Aus der Bürgerschaft und der CDU-Fraktion informierte Frau Günther die Versammlung. Um den Austausch zwischen Rostock und Schwerin zu befördern, wollen die CDU-Fraktionen der beiden größten Städte Mecklenburg-Vorpommerns demnächst eine gemeinsame Klausurtagung durchführen. Den  Mobilitätsplan Zukunft (MOPZ), bei dem der Anteil von Fußgängern, Radfahrern und dem ÖPNV insgesamt auf 70 Prozent gesteigert werden soll,  kritisierte die CDU erneut. Besonders der geplante Radschnellweg in der Langen Str. und der Wegfall einer PKW-Spur zugunsten einer Busspur im Bereich Mühlendamm ernteten Kritik. Dies wird voraussehbar mehr Staus und erhebliche Nachteile für Autofahrer mit sich bringen. Weiterhin wurde der, von allen Fraktionen unterstützte, Vorschlag der WIRO angenommen, einen sogenannten Miet-Anker einzuführen. Dieser sieht vor, bei Neuvermietungen die Nettokaltmiete bei maximal 5,30 €/qm einzufrieren - für bis zu 800 Wohnungen, befristet bis 2025.  Dies soll für Haushalte mit niedrigen Einkommen gelten, die keine Leistungen der staatlichen Mindestsicherung erhalten.

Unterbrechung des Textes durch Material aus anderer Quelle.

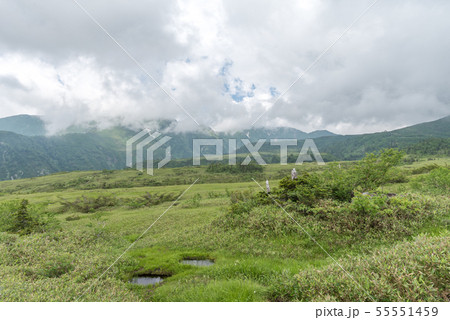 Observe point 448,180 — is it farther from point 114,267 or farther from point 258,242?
point 114,267

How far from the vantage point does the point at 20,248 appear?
1045cm

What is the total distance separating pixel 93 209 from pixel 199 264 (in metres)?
34.3

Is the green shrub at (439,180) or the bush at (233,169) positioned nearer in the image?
the green shrub at (439,180)

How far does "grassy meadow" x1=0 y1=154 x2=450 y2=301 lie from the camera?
5.20 meters

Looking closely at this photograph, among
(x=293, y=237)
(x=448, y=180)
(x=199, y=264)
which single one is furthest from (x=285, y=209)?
(x=448, y=180)

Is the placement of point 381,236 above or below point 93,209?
above

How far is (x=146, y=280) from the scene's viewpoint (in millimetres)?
10164

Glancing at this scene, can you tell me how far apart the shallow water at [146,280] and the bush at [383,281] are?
653cm

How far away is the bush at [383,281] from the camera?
4.31 m

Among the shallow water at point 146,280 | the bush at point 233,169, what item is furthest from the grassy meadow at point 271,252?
the bush at point 233,169

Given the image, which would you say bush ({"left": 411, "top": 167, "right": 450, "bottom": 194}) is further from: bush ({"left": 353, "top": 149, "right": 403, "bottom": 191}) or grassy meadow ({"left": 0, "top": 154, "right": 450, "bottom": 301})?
bush ({"left": 353, "top": 149, "right": 403, "bottom": 191})

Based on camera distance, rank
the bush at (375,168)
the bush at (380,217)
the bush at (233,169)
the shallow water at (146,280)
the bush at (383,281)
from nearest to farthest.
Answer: the bush at (383,281) < the shallow water at (146,280) < the bush at (380,217) < the bush at (375,168) < the bush at (233,169)

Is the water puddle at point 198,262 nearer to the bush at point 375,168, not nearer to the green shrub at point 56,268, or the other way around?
the green shrub at point 56,268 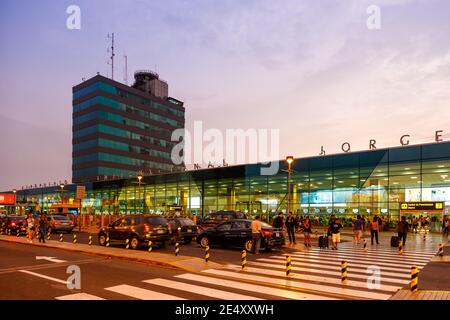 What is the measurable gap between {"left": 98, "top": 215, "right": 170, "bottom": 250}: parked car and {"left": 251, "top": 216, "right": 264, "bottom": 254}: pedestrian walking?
15.9 feet

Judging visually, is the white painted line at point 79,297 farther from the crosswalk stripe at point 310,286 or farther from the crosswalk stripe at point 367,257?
the crosswalk stripe at point 367,257

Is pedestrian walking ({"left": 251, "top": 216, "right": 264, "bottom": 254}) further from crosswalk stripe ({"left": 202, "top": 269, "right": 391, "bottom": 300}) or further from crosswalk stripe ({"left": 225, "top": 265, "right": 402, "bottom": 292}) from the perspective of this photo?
crosswalk stripe ({"left": 202, "top": 269, "right": 391, "bottom": 300})

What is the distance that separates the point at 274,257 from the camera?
18.5 metres

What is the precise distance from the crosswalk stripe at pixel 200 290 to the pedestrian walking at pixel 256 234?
23.6ft

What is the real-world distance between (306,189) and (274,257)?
2851 centimetres

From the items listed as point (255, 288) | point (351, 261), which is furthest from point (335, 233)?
point (255, 288)

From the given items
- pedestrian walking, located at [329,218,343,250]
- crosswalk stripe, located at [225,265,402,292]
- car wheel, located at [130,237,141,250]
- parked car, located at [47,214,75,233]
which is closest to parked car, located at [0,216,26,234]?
parked car, located at [47,214,75,233]

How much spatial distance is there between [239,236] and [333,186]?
25429 millimetres

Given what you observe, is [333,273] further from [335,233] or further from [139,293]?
[335,233]

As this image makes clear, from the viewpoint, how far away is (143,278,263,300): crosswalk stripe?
33.0 feet

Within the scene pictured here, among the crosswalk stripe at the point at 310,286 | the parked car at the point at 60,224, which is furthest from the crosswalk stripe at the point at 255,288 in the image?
the parked car at the point at 60,224

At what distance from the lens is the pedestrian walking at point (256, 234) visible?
61.7ft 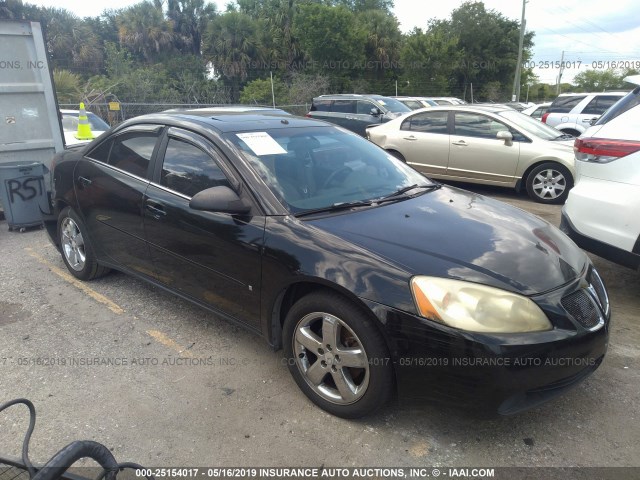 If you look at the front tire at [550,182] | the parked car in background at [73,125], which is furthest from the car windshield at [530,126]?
the parked car in background at [73,125]

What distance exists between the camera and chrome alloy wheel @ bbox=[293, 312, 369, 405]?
254cm

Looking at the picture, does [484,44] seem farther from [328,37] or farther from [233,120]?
[233,120]

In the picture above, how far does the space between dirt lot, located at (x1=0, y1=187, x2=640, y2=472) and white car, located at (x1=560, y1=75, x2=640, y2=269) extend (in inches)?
23.5

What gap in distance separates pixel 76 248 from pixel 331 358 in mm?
3048

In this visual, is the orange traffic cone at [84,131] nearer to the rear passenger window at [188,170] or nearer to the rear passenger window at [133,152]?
the rear passenger window at [133,152]

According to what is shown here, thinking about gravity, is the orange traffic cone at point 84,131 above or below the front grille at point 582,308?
above

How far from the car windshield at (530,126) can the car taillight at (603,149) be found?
4237mm

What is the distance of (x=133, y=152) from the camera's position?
3.83m

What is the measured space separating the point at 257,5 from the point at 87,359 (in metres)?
50.8

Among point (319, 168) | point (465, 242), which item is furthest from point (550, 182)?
point (465, 242)

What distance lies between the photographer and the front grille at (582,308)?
96.0 inches

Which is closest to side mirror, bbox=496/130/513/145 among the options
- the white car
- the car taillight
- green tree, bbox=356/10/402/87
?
the white car

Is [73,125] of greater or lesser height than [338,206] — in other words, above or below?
above

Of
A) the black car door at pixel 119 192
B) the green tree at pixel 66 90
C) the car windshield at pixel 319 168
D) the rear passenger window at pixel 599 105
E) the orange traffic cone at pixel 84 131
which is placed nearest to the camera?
the car windshield at pixel 319 168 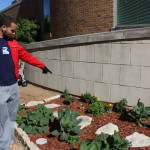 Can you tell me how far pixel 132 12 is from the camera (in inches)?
248

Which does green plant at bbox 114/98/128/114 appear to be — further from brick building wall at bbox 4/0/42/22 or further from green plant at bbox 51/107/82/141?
brick building wall at bbox 4/0/42/22

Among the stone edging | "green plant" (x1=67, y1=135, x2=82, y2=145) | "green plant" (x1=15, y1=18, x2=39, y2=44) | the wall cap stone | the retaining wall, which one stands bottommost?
the stone edging

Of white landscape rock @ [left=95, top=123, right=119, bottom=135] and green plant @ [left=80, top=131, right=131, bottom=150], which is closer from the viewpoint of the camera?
green plant @ [left=80, top=131, right=131, bottom=150]

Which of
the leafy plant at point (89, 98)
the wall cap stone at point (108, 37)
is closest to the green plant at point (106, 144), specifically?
the leafy plant at point (89, 98)

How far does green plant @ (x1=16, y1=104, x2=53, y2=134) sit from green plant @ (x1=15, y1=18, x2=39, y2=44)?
702 centimetres

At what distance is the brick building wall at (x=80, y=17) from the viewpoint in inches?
271

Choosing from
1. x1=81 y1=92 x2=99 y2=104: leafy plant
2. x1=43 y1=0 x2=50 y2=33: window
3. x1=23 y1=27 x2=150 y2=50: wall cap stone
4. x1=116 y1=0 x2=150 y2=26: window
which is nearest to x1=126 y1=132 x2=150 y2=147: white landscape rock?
x1=81 y1=92 x2=99 y2=104: leafy plant

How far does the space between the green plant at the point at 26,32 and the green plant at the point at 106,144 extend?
863cm

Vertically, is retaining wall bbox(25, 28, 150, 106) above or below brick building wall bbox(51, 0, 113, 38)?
below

Frau Günther kritisierte die weiterhin von der Verwaltung durchgezogene intransparente Vergabepolitik von städtischen Grundstücken an ausgewählte Wohnungsgenossenschaften, ohne jeglichen marktwirtschaftlichen Wettbewerb, sprich öffentlichen Ausschreibungen.

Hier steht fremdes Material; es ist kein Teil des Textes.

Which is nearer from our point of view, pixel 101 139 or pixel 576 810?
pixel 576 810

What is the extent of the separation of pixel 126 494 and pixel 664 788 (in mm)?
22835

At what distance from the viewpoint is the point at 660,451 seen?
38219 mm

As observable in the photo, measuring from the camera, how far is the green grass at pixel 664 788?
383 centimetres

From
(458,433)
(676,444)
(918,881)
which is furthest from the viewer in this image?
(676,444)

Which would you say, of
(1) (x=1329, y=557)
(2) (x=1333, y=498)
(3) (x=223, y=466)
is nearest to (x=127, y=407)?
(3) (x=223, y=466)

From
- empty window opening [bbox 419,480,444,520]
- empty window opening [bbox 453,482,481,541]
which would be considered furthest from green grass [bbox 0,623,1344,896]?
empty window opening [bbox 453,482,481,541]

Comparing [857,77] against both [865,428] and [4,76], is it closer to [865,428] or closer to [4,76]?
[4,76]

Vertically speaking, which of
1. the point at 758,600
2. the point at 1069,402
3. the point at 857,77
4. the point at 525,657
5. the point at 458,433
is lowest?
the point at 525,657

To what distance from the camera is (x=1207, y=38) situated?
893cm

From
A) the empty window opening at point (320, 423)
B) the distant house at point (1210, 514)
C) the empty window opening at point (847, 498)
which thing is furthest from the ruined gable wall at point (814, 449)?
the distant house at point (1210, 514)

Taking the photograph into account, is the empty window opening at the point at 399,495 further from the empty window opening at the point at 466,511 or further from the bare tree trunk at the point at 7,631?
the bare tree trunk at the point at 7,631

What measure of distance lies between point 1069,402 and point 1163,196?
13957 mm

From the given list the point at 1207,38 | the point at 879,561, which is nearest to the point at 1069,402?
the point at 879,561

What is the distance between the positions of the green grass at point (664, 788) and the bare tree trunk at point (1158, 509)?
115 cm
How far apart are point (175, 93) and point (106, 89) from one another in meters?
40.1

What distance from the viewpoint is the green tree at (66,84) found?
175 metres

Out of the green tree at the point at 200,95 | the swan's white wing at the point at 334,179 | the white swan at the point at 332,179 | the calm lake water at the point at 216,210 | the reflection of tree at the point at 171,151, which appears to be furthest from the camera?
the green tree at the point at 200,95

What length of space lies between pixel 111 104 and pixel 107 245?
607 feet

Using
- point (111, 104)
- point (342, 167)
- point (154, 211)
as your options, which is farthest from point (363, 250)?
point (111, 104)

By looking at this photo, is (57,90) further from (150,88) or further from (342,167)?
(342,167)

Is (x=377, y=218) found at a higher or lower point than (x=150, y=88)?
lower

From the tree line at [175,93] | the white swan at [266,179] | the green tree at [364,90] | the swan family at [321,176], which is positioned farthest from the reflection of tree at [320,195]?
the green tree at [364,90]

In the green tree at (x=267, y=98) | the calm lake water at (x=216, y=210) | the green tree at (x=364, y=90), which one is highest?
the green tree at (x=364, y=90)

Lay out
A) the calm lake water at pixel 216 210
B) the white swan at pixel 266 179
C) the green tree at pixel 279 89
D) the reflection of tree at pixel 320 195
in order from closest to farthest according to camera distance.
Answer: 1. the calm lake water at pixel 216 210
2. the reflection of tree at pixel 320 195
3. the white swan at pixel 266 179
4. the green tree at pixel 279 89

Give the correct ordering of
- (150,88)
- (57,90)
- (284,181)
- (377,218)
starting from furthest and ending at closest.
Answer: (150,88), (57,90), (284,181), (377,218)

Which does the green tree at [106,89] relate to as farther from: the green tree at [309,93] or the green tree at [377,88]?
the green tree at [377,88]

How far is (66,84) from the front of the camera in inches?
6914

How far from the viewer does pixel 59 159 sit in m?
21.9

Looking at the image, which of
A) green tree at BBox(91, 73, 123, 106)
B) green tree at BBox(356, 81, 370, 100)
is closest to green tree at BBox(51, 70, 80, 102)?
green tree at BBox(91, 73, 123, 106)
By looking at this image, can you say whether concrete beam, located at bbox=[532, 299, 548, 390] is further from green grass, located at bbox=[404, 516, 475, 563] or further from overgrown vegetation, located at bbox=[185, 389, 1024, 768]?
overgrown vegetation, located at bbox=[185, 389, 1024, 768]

Herr Stagat nahm Bezug auf seine Frage zur Trennung von Kreis- und Fraktionsvorsitz während des CDU-Kreisparteitages am 28.10.17. Er wünsche sich einen Einsatz des Vorstandes für die Begrenzung einer Ämterhäufung bei Spitzenpositionen durch einzelne Personen. Weiterhin kritisierte er die SBV-Vorsitzende Frau Günther wegen ihres mangelnden öffentlichen Zuspruches für die Kandidaten des SBV während des Kreisparteitages, gerade in Bezug auf die Kandidatur von Frau Woest, so Herr Stagat weiter. Herr Berger versuchte die Kritik mit Blick auf Parteitagsdynamiken etwas zu relativieren. Seiner Meinung nach sei jedoch der Versuch, diesen Parteitag an einem Samstagvormittag durchzuführen missglückt. Die insgesamt geringe Teilnehmerzahl sei ein Beleg dafür.